Even with serious concerns about personal data privacy and lack of integration, “connected products” are an integral aspect of peoples’ everyday lives. That’s the central thesis in a timely report from Capgemini Research Institute, Connected products: Enhancing consumers’ lives with technology.
This study is well-timed as we begin a week-long exploration into the latest technology innovations being unveiled at CES 2024, the annual mega-conference hosted by the Consumer Technology Association (CTA).
For the consumer research, Capgemini’s team polled the perspectives of 10,000 consumers age 18+ in November, among people from 13 countries: Australia, Canada, France, Germany, India, Italy, Japan, the Netherlands, Norway, Spain, Sweden, the UK, and the U.S.
To get us thinking on the same page, first, what is a “connected product?” Capgemini defines this as any product that can connect to the Internet. Hint: if it has an app associated with it, it’s probably a connected product. Thus, the research assesses consumers’ use and affinity for devices beyond smartphones and tablets, further explained below.
The big takeaway is the mainstreaming of connected products shown in the first bar chart: two in three consumers across the 13 countries sampled believe connected devices are becoming a necessity and part of my lifestyle. One-half of people find these products give us a view of our routines and help us better understand ourselves.
One-third of people say they use connected products nearly 24 hours a day and more think they will own even more connected products one year from now (good news for CES 2024 exhibitors!).
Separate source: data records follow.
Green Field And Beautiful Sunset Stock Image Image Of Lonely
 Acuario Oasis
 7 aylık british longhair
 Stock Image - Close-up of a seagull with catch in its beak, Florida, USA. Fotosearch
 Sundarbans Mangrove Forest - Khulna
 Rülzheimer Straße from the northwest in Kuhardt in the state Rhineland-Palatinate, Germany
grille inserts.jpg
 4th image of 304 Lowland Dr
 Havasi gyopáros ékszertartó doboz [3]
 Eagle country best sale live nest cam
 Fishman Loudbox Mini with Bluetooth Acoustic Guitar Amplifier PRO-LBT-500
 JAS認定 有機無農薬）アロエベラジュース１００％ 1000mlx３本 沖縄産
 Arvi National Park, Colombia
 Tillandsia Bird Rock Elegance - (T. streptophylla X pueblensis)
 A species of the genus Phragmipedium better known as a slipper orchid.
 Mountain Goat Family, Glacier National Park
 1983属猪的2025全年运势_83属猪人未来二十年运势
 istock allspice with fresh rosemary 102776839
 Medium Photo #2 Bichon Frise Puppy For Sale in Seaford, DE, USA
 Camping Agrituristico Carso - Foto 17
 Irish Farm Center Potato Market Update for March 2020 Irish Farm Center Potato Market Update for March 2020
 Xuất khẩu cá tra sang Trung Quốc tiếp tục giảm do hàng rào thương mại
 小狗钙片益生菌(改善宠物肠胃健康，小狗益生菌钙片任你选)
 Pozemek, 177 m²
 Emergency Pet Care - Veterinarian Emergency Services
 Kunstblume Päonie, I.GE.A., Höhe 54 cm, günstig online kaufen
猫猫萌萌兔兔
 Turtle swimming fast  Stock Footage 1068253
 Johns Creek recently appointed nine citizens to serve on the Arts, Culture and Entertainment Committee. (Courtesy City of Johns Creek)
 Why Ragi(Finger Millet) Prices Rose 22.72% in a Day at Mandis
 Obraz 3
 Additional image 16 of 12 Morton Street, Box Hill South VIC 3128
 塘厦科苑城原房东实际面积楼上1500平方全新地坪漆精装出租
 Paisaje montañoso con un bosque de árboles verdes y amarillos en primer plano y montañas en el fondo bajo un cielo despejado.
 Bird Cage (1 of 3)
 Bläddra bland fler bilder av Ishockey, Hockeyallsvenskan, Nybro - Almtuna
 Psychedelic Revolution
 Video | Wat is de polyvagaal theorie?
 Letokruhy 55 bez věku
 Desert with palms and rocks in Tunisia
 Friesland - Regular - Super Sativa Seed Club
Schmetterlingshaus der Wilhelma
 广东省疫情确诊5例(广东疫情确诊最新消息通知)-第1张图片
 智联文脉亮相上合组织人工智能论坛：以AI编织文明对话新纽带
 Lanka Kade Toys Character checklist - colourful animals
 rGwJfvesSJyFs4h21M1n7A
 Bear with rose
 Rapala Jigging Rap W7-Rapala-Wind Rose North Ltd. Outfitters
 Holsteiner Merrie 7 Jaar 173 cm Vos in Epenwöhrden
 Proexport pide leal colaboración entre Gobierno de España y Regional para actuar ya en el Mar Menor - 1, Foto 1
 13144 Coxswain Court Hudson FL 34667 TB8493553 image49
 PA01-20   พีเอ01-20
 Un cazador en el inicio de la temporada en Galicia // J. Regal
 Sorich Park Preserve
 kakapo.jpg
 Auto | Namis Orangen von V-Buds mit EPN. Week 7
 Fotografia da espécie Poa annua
And what might those products be? Start with the smart home security category closely followed by health wearables and tracking tools, connected vehicles, home utility equipment, smart kitchen devices, and connected speakers (voice assistants, already very popular devices in connected homes).
Watch for that smart pet care category to grow, here showing 14% of global consumers likely to buy some product in the segment in the next 12 months.
The most impactful connected products have on health, safety, and time management are health wearables and trackers to help us stay healthier, as well as smart home security systems that help us feel safer.
Health Populi’s Hot Points: Looking forward….health, safety, and security are the aspects of connectivity consumers are seeking in the next twelve months….with niche categories that will grow, too, depending on peoples’ lifestyles and home situations.
Given the nature of health, safety, and security, the connected device community must stay mindful about trust — and just how much data and what kind consumers would be willing to share for health compared with, say, entertainment.
Figure 22 from the report lays out these two questions, with important distinctions between health vs. entertainment.
General demographic data is fair game to be shared for both health and entertainment. Location data would be shared by most people for health, but not so much for entertainment. And so on…
It turns out, based on Capgemini’s survey data, that most consumers who have had positive experiences from health wearables have placed higher trust in that company serving up the device. This experience with health wearables has two key dimensions: first, the actual data privacy and security provisions, assurances, and delivery on the privacy promise; and second, the experience in setting the device up, pairing it for use (via app), and ongoing streamlined design and use of the technology delivering actionable solutions to the consumer, patient, and caregiver. Both these aspects of experience bolster trust with connected health devices — and the companies who channel and develop them.
We will keep these learnings in mind as we explore the convention floor(s) at #CES2024….thanks to Capgemini for the important and timely findings.